- [DATA EXTRACTS]:

-- Opening Marker --

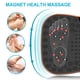 thumbnail image 4 of Plataforma vibratoria AXV Pro para entrenamiento de cuerpo completo, 4 of 8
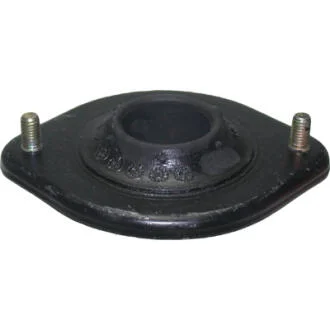 Original - Опора стійки амортизатора BIRTH 5624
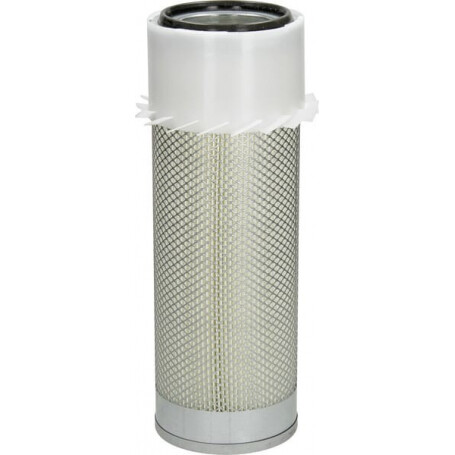 Filtre à air HIFI-FILTER SA11556K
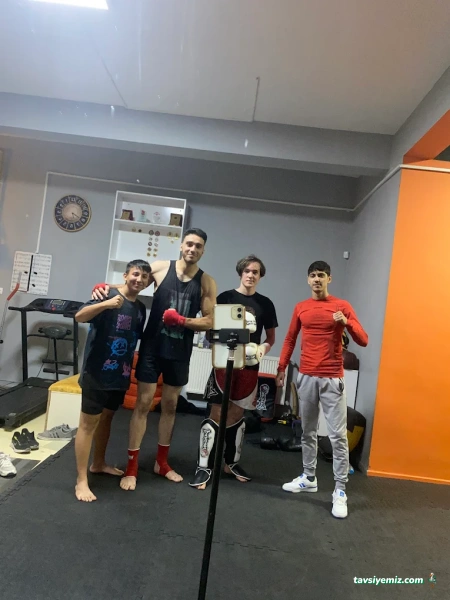 Victor Fight Club Victor Fight Club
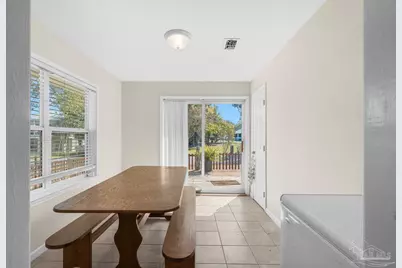 5373 Bay La Launch, Orange Beach, AL 36561 - Photo 30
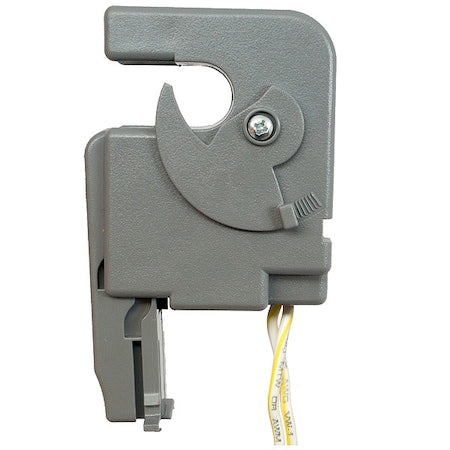 Functional Devices-Rib RIBXGA - Split Core,Adj Current Sensor,.75-150 A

-- Closing Marker --

- [TASK STATEMENT]: Output, exactly and without pictures, the span of lines that starts at the line containing "5373 Bay La" and ends at the last line above.

- [REPLY]:
 5373 Bay La Launch, Orange Beach, AL 36561 - Photo 30
 Functional Devices-Rib RIBXGA - Split Core,Adj Current Sensor,.75-150 A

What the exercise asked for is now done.